M&A finder’s fees

M&A finder’s fees

December 12, 2019 | By Keith Martin in Washington, DC

A finder’s fee is not deductible if paid by a target company on behalf of the company that acquired it, the US Tax Court said.

The point is to be careful who pays such a fee in an M&A transaction. Any such fee should be paid by the company that hired the investment banker or broker to whom the fee is paid.

The Ontario Teachers’ Pension Plan Board (OTPP) bought Plano Molding Co., an Illinois plastic container manufacturer, for $240 million in 2012. Plano makes such things as plastic fishing tackle boxes, archery and gun cases, and ammunition boxes.

OTPP agreed to pay Robert W. Baird & Co., an investment bank, a finder’s fee of $1.5 million for identifying Plano as a potential acquisition target.

However, Plano ended up paying the fee after the acquisition on behalf of OTPP.

The IRS said the fee could not be deducted and assessed a penalty. The US Tax Court agreed with the IRS.

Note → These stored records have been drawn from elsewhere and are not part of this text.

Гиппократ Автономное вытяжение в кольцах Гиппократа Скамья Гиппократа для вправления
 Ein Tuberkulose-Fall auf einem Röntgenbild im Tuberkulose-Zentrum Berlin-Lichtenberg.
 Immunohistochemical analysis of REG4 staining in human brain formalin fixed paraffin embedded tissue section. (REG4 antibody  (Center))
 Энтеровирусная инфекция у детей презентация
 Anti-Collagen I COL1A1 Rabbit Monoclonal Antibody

Robert W. Baird & Co. introduced OTPP to the opportunity and tried unsuccessfully to set up a lunch between the two companies. It was aware Plano was interested in a suitor because it had been retained by Plano two years earlier in an unsuccessful attempt to sell the company.

A taxpayer normally may not deduct a payment of someone else’s expenses.

There is a narrow exception where two things are true: the payment would have to help advance of the business of the person paying it and be an “ordinary and necessary” business expense of that person.

The court said neither requirement was met in this case.

The primary benefit from the payment to Baird was to OTPP. Baird did little work for the fee. Plano had its own outside financial adviser. OTPP wanted to maintain a good relationship with Baird so that Baird would steer other business opportunities to it.

For the same reason, the payment was not an ordinary and necessary business expense of Plano. The court said it could see how it might be such an expense of OTPP had OTPP paid it.

The case is Plano Holding LLC v. Commissioner. The Tax Court released its decision in the case in October.